As Snowden, who worked with Booz Allen Hamilton, where he obtained the documents he leaked about the growing power of the surveillance state said in a recent interview about the danger represented by private sector contractors, “…everything else — building the system of mass surveillance, installing it, applying it, using it to gather or search through all this information that’s already been collected to build perfect histories of private lives — all of these things are fair game and are done routinely, every day, right now, by people who are not formally government employees. That’s how the system works, and that’s what a contractor is.”
The privatization of intelligence work that Snowden was talking about also takes other forms, as those following the case of Julian Assange, himself not technically a whistle-blower but a publisher, learned after he was stripped of his asylum due to changed political circumstances in the country hosting him and was unceremoniously removed from the Ecuadorian embassy in London in April.
While Assange sits in Belmarsh prison awaiting extradition to the United States where he could face over 150 years in prison, an investigation is underway in Spain looking at a private intelligence firm, Undercover Global, which is believed to have spied on the publisher for the CIA during his time in the embassy.
As reported by the Spanish daily El Pais, we know that Americans, presumably members of the intelligence community, had access to a server collecting both audio and video of Assange and his visitors. This included meetings with his lawyers.
The server, part of an investigation now being undertaken by the Spain’s National Court, was the property Undercover Global, contracted to provide security at the embassy but also seemingly doing some paid intelligence gathering of its own.

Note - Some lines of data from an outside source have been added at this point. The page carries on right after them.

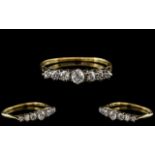 18ct Gold and Platinum Antique Period Attractive 7 Stone Diamond Set Ring of Good Sparkle - Please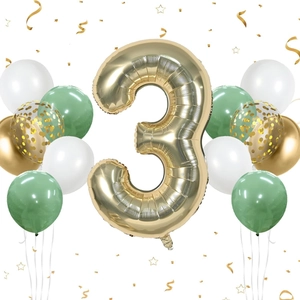 Champagne gold number 3 foil balloon set with sage green and white latex balloons for party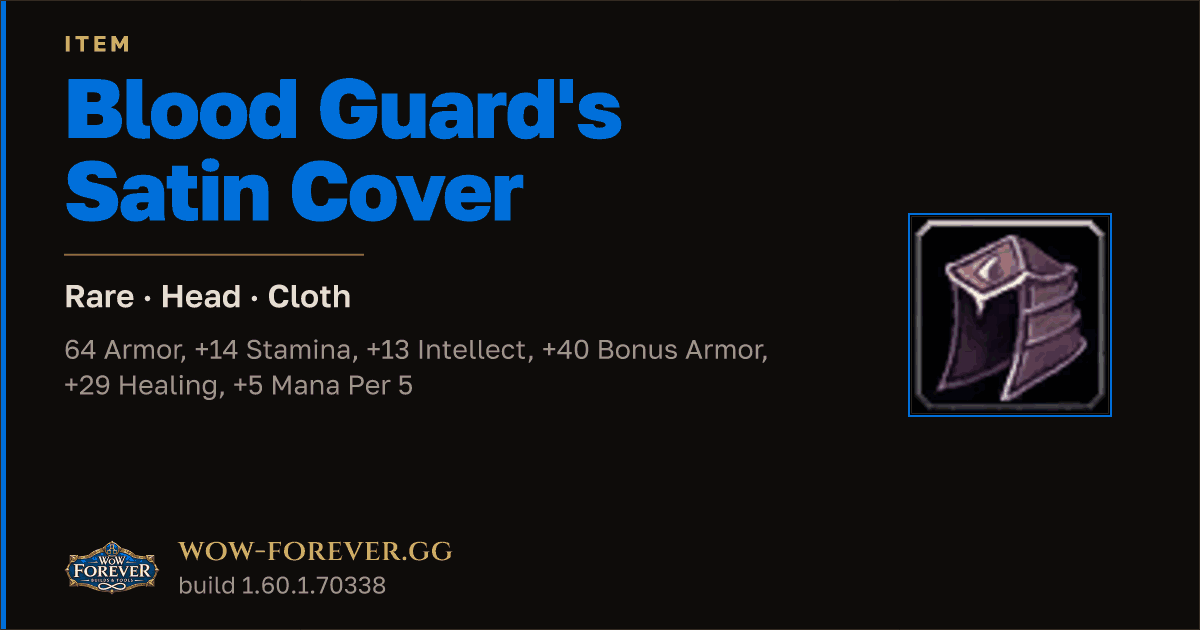 The preview card for Blood Guard's Satin Cover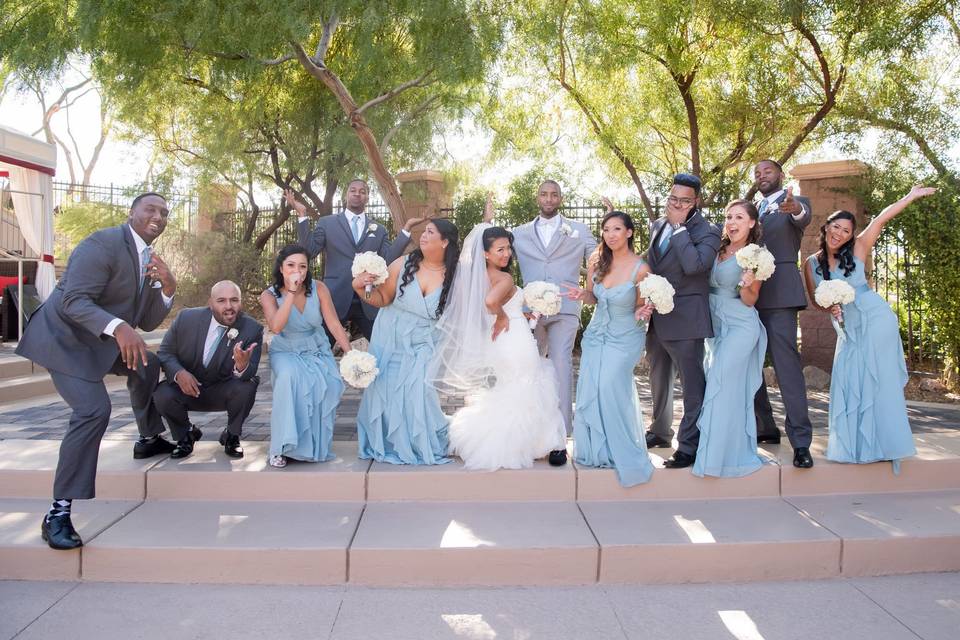 Dusty blue wedding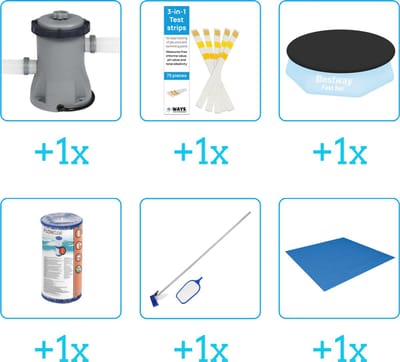 Zwembad Accessoirepakket voor Bestway Fast Set Opblaasbaar zwembad - 244x61 cm - Rond - Bestway - 57448 - 6-delig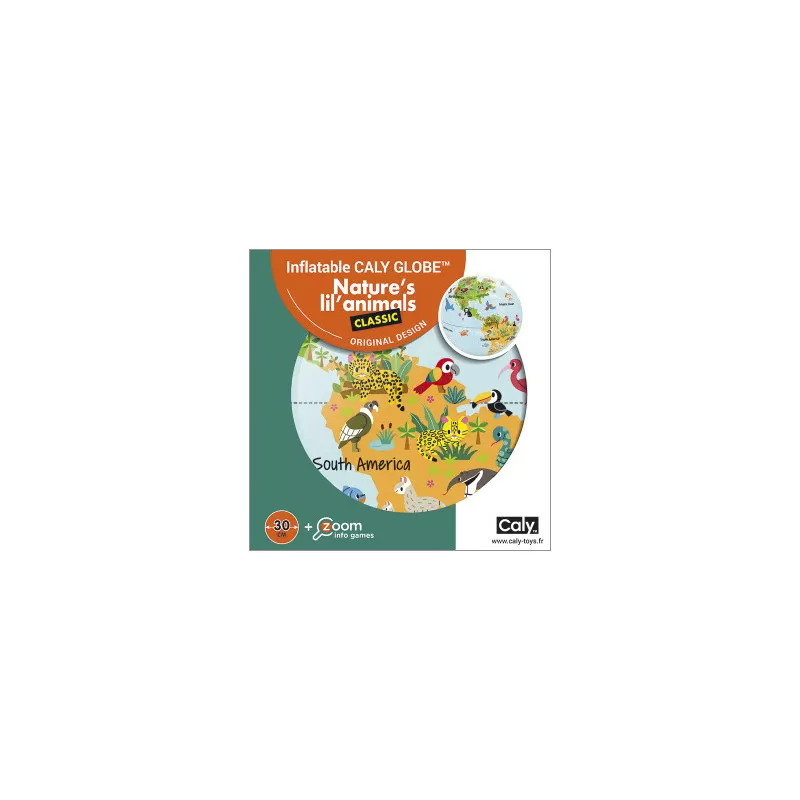 Caly Toys Inflatable globe - Nature’s lil’animals (FR) – vue 3 – Nature and discoveries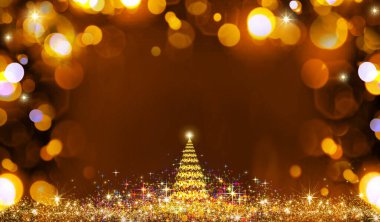 Kahverengi arka planda izole edilmiş ışıkları olan Noel ağacı.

Aside from some reliable alternative media outlets, North American media have chosen to ignore this somewhat chilling story, much as they ignore the years long plight of Assange, an Australian citizen abandoned by his government, who is said to be suffering worrying physical and mental impacts from his long isolation at the Ecuadoran embassy in London and now in a British prison.

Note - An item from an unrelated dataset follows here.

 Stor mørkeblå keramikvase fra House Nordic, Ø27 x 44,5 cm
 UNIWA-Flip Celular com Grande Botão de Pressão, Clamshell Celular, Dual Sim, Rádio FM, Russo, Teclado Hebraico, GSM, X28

Although Assange earned the hatred of many establishment Democrats and their media allies, the injustices still being endured by him and the charges he is likely to face in the U.S. if he’s extradited are the result of leaks provided to him and Wikileaks by Chelsea Manning. Manning spent 7 years in prison for her act of courage in releasing diplomatic documents that some commentators credit for spurring on the Arab Spring in 2012, before she was pardoned by former President Obama on May 17th, 2017.
Rather than being allowed to move on with her life, Manning was called to testify before a federal grand jury investigating possible charges against Assange this year and jailed twice for bravely refusing to do so.

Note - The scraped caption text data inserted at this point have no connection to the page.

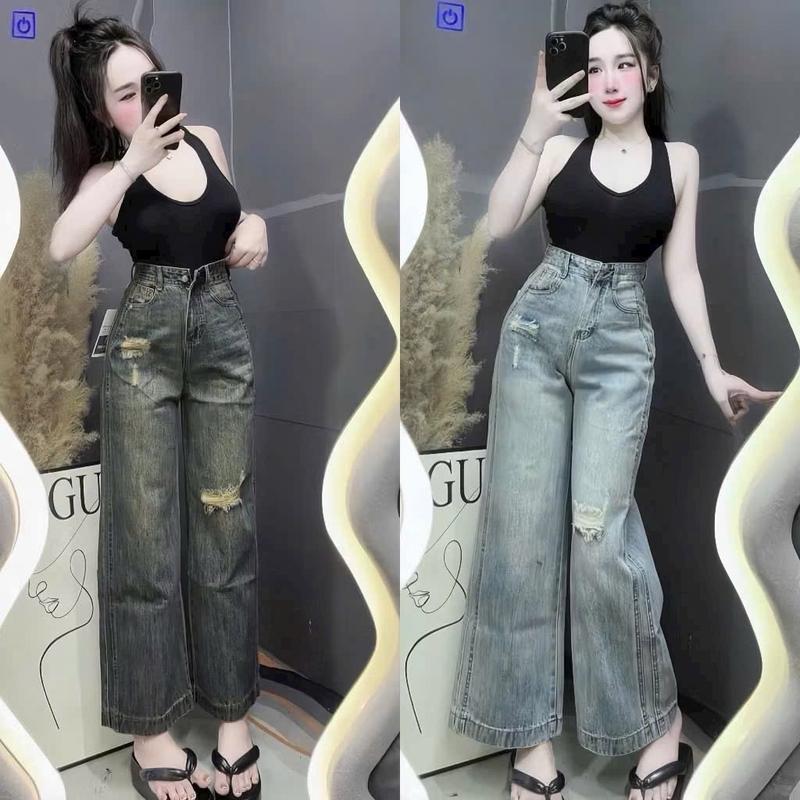 [S/M/L/XL/2XL]- Quần Jean Suông 9 Tất 92cm Rách Nhẹ Phối Viền Sườn Lưng Cao  Women  Pants
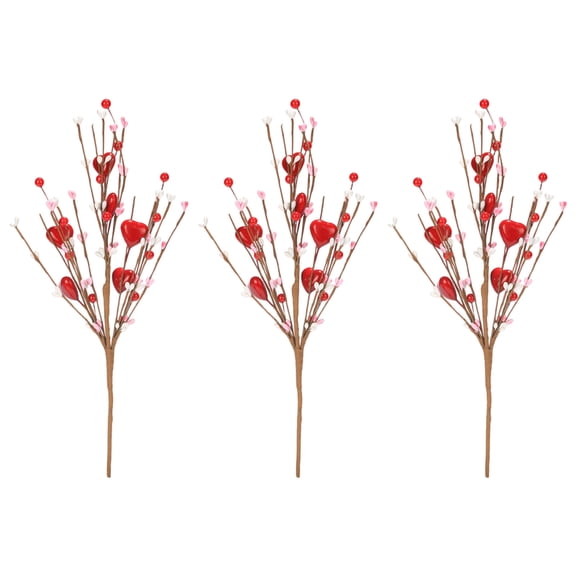 3 Pcs Heart Shaped Berry Picks,Artificial Valentines Day Decorations,Red Berries Stems,17.72 Inch Artificial Berry Flower Stems,Heart Shaped Berry Picks For Valentine’S Day,Wedding,Home Decor,B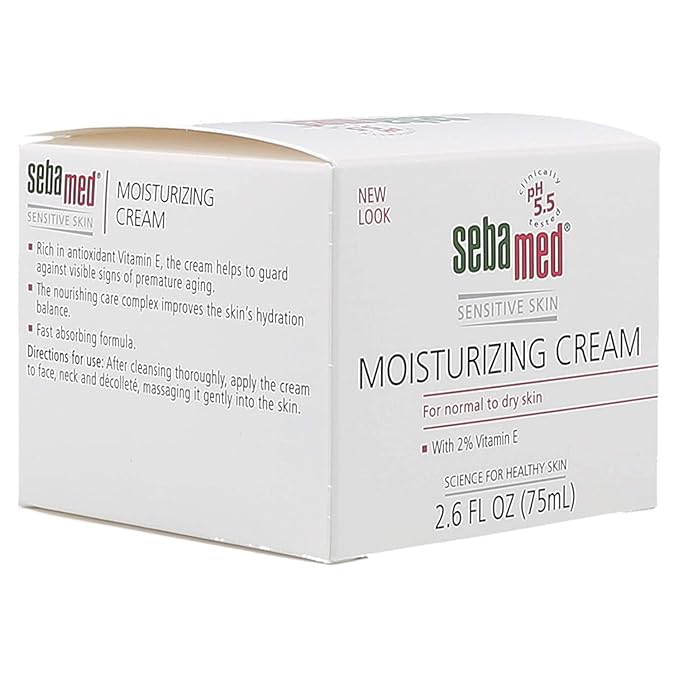 Sebamed Moisturizing Face Cream for Sensitive Skin Antioxidant pH 5.5 Vitamin E Hypoallergenic 2.6 Fluid Ounces (75mL) Ultra Hydrating Dermatologist Recommended Moisturizer (Pack of 3)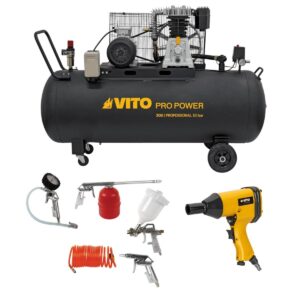 Compresseur d'air 300L 10Bar 500L/min + Clé à choc pneumatique 310Nm + Outils de Gonflage Soufflage Peinture Garage Atelier VITO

During the first incarceration, as reported by Out.com, “She spent 28 out of her first 63 days in prison segregated in a cell smaller than a horse stable, with no windows or outside contact for up to 22 hours a day.”
After being released in early May, she was returned to jail without charges a week later for for refusing to testify before a second Grand Jury. She also faces fines of $500 dollars a day for her first 30 days and $1000 dollars a day per day after 60 until she either relents or when the Grand Jury expires sometime later this month.
These three whistle-blowers are as brave as any of those now exposing Trump’s pressure tactics on foreign governments but receive persecution rather than the praise they deserve. Until Assange, Manning and Snowden are given similar coverage to these new whistle-blowers, we probably shouldn’t trust the U.S. mainstream media’s newfound love of those who reveal the crimes and incompetence of the powerful.